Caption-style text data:
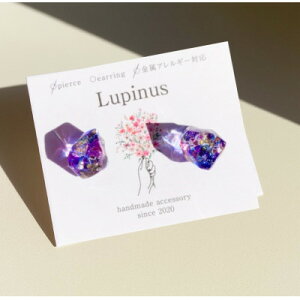 �y�ӂ邳�Ɣ[�Łz�T�[�W�J���X�e�����X�����A�����M�[�Ή��s�A�X�E�u���[�J���[�y1676334�z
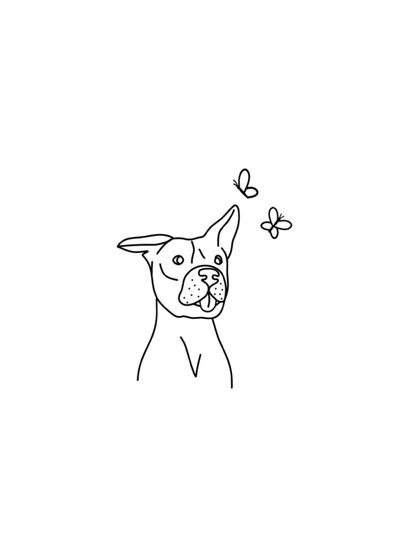 cute dog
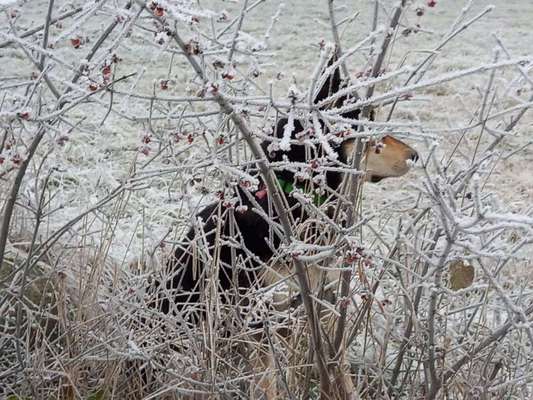 14. Farbenfoto-Challenge "Weiss"-Beitrag-Bild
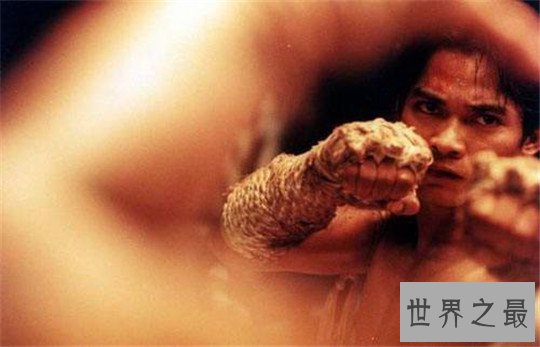 全球10大功夫电影排行榜，龙争虎斗让人血脉贲张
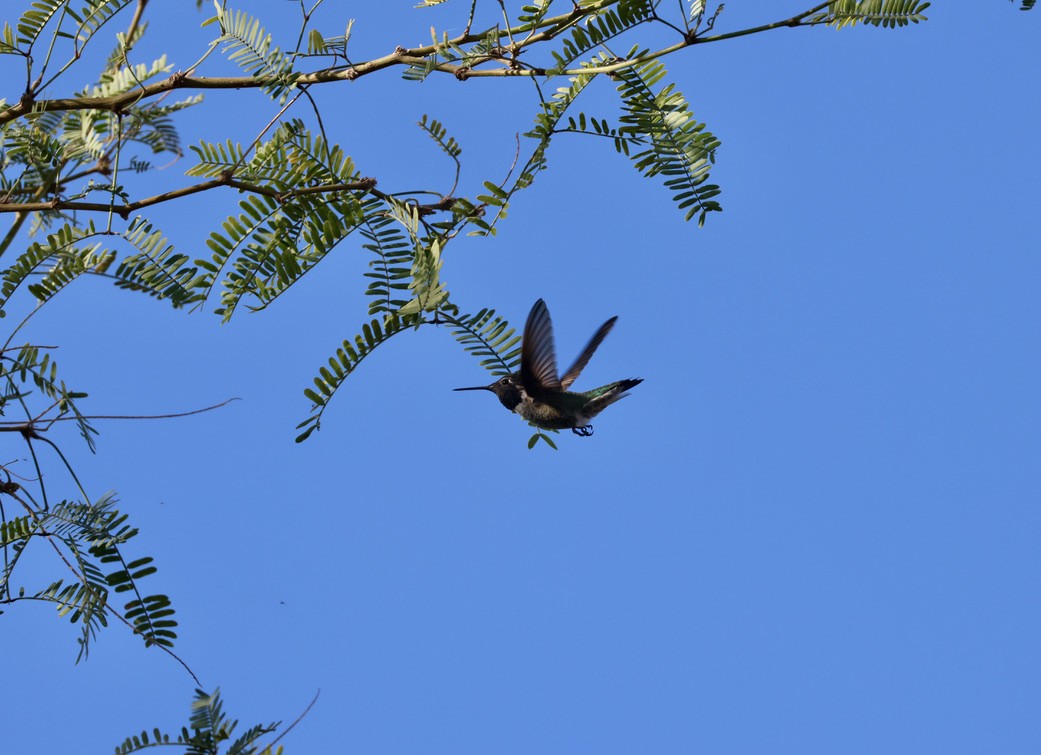 Anna's Hummingbird - ML644102293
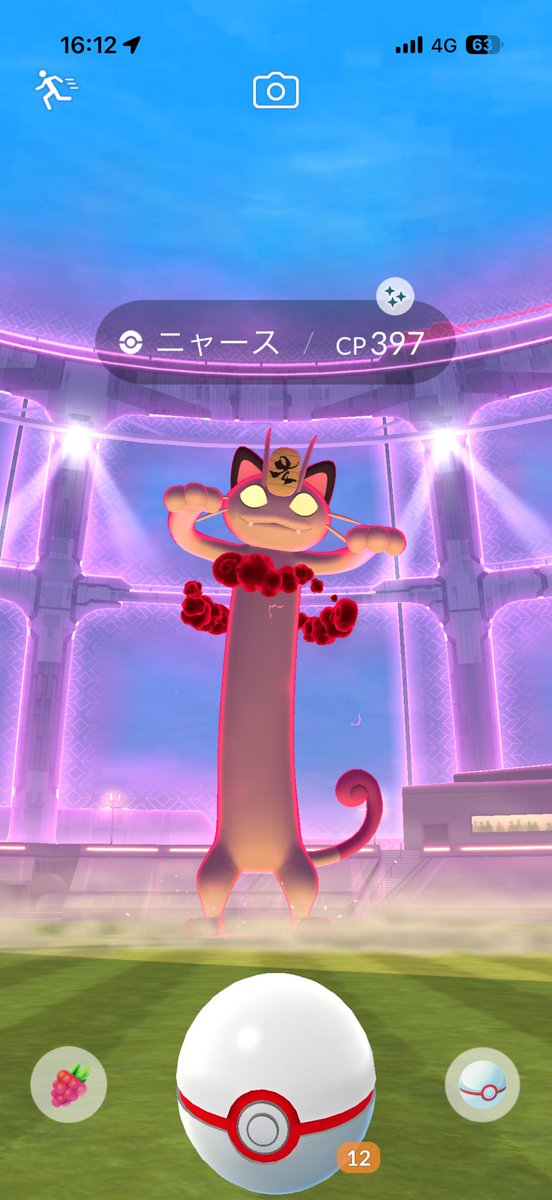 ✖️ちるみ✖️@ポケモンGO tweet media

### WORK INSTRUCTION
Any pictures should be dropped; transcribe the rest of the records above exactly.

### ANSWER TO THIS TASK
 �y�ӂ邳�Ɣ[�Łz�T�[�W�J���X�e�����X�����A�����M�[�Ή��s�A�X�E�u���[�J���[�y1676334�z
 cute dog
 14. Farbenfoto-Challenge "Weiss"-Beitrag-Bild
 全球10大功夫电影排行榜，龙争虎斗让人血脉贲张
 Anna's Hummingbird - ML644102293
 ✖️ちるみ✖️@ポケモンGO tweet media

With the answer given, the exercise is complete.